What to produce
Below are the entries. Transcribe exactly the lines from the one with "Wanted & Wild" through the one with "Sector 270 Herrklocka", ends included, and leave out all others.

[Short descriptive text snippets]

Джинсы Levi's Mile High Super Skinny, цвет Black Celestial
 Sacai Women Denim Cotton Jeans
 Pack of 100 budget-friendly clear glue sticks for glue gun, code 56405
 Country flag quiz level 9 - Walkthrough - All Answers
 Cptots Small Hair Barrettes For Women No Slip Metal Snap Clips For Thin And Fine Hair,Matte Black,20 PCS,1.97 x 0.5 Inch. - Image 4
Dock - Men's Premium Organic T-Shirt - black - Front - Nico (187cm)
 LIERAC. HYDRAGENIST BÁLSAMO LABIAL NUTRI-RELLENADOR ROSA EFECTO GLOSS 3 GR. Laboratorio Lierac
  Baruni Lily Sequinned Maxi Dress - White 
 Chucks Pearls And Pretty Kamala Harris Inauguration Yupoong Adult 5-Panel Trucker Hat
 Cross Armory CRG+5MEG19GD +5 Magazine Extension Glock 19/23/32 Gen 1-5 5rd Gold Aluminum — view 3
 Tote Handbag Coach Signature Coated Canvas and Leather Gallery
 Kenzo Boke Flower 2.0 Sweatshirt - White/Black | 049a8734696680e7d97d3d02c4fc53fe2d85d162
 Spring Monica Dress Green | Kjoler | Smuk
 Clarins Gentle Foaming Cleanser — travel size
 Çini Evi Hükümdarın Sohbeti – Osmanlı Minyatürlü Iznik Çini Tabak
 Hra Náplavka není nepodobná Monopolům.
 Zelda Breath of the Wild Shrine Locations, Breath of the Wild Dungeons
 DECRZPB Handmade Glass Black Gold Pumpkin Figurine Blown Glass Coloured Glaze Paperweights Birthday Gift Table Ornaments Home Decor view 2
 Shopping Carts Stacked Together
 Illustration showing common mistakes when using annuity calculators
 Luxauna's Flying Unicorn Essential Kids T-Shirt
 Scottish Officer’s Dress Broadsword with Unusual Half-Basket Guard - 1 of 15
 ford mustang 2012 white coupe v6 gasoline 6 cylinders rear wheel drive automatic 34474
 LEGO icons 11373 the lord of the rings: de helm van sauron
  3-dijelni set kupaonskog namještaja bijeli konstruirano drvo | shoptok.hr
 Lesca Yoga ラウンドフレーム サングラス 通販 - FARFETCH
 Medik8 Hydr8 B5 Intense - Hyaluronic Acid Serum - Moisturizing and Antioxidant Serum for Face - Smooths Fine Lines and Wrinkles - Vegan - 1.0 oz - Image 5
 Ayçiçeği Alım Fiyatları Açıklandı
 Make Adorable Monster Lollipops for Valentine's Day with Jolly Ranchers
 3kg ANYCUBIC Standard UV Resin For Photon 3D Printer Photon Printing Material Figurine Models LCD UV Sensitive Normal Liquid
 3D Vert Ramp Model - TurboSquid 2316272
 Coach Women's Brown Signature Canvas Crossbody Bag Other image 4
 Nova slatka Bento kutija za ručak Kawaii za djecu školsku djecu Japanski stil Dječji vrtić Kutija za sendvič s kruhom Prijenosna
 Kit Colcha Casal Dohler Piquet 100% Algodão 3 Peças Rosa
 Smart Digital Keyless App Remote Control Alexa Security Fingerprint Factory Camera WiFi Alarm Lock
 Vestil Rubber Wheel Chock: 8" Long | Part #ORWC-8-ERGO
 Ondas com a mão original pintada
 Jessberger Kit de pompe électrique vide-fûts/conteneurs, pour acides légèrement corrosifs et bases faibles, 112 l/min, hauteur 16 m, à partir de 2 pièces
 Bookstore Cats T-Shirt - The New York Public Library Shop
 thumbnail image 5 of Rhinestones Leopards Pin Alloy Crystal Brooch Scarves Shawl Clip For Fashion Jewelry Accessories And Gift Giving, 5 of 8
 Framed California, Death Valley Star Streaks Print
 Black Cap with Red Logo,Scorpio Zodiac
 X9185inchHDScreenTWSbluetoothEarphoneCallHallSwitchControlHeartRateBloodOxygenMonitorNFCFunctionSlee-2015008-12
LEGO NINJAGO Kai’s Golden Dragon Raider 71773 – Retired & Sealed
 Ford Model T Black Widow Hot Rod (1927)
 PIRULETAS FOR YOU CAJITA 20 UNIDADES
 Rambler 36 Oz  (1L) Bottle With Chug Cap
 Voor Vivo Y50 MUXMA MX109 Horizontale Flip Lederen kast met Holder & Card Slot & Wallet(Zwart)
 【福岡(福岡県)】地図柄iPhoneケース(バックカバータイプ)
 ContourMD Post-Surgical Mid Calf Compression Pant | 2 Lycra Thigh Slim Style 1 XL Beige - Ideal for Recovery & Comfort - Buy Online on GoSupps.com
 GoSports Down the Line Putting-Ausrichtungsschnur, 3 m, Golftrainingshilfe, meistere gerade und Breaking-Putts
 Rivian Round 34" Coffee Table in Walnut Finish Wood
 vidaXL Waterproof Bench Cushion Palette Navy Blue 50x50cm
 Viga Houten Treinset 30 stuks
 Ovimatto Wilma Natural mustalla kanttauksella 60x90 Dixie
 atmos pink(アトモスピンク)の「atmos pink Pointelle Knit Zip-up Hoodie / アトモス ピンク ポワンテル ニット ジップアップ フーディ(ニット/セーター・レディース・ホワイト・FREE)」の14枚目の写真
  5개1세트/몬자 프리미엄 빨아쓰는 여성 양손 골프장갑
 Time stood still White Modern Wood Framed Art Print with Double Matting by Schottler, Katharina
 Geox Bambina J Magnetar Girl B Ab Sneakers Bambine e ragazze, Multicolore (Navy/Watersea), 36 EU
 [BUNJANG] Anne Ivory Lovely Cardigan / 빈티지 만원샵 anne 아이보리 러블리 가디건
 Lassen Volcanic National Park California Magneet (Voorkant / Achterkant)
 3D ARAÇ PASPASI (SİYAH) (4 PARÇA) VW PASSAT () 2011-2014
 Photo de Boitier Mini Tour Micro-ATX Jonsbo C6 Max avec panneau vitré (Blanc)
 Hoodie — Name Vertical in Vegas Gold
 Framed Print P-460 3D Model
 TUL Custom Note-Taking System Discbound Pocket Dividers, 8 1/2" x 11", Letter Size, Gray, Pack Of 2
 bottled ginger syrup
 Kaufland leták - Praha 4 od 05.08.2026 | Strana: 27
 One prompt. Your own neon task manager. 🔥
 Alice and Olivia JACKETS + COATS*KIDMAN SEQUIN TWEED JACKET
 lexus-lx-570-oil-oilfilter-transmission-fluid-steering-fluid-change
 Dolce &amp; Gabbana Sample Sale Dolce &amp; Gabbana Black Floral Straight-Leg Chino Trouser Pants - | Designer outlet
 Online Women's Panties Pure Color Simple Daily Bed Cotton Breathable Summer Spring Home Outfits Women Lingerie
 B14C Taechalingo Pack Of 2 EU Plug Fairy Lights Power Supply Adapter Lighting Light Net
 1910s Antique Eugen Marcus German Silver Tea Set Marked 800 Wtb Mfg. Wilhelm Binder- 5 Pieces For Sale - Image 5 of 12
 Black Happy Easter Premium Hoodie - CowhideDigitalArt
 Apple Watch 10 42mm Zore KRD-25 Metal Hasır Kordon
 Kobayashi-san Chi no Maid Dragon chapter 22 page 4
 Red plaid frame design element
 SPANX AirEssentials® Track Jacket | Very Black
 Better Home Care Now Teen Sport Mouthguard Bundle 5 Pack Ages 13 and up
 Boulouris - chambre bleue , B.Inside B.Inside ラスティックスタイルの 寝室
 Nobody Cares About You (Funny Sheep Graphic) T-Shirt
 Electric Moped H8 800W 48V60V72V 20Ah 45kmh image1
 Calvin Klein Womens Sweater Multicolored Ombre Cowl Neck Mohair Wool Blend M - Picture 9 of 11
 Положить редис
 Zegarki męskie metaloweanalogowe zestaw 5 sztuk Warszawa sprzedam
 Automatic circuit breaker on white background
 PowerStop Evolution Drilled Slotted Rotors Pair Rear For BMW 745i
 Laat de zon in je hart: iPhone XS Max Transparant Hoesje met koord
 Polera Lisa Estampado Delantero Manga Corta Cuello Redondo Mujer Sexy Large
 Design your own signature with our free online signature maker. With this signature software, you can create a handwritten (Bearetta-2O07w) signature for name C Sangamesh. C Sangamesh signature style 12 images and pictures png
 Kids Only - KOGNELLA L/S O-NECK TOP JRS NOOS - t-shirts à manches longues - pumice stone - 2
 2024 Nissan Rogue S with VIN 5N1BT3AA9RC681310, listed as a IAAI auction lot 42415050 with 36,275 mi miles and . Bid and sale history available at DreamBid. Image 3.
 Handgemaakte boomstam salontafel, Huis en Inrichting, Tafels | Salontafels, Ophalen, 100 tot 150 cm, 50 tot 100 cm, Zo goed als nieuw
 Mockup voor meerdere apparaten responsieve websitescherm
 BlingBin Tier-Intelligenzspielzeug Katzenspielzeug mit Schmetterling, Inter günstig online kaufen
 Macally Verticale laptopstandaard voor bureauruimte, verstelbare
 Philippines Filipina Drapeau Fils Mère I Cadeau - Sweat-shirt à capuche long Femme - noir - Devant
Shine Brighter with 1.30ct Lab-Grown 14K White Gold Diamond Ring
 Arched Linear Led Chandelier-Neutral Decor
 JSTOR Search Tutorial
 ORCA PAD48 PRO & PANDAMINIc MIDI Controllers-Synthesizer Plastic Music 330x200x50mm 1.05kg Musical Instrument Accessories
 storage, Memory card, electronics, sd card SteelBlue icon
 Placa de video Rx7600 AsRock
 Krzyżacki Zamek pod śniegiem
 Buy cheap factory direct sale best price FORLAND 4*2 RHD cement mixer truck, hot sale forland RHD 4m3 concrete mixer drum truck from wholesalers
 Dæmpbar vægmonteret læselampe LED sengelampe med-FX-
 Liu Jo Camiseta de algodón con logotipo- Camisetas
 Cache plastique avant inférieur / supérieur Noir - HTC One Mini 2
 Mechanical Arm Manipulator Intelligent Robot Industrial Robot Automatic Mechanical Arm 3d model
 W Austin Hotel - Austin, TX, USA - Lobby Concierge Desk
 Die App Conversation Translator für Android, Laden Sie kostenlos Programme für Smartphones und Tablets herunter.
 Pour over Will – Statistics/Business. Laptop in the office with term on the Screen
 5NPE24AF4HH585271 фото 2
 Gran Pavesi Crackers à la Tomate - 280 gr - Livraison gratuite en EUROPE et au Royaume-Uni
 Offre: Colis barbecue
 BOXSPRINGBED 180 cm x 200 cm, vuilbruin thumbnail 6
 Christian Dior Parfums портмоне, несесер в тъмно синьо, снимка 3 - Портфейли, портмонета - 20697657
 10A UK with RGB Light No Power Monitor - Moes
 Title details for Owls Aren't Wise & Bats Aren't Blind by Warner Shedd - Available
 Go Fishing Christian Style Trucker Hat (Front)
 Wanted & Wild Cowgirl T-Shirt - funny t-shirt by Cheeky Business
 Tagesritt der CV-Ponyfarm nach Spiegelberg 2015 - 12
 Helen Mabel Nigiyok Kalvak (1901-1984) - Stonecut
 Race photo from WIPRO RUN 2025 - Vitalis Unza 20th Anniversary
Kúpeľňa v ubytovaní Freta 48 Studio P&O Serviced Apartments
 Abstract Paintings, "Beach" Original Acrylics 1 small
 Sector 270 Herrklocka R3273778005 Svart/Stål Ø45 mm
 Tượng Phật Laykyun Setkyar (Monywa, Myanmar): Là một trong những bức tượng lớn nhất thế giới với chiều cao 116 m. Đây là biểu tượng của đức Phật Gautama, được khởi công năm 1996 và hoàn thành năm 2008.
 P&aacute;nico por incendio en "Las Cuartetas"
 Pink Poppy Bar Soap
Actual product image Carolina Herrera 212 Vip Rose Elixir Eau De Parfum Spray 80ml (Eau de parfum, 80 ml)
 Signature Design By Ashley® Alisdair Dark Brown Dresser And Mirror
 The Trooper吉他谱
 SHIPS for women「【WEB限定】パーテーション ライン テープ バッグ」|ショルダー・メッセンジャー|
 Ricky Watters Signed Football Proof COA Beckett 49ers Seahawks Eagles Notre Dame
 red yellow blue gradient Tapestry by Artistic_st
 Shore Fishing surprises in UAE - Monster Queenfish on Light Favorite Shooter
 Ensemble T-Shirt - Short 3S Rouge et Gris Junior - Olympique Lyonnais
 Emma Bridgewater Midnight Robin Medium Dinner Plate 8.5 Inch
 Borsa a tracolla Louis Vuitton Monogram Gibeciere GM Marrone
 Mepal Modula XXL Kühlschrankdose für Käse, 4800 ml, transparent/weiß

Response to the exercise
 Wanted & Wild Cowgirl T-Shirt - funny t-shirt by Cheeky Business
 Tagesritt der CV-Ponyfarm nach Spiegelberg 2015 - 12
 Helen Mabel Nigiyok Kalvak (1901-1984) - Stonecut
 Race photo from WIPRO RUN 2025 - Vitalis Unza 20th Anniversary
Kúpeľňa v ubytovaní Freta 48 Studio P&O Serviced Apartments
 Abstract Paintings, "Beach" Original Acrylics 1 small
 Sector 270 Herrklocka R3273778005 Svart/Stål Ø45 mm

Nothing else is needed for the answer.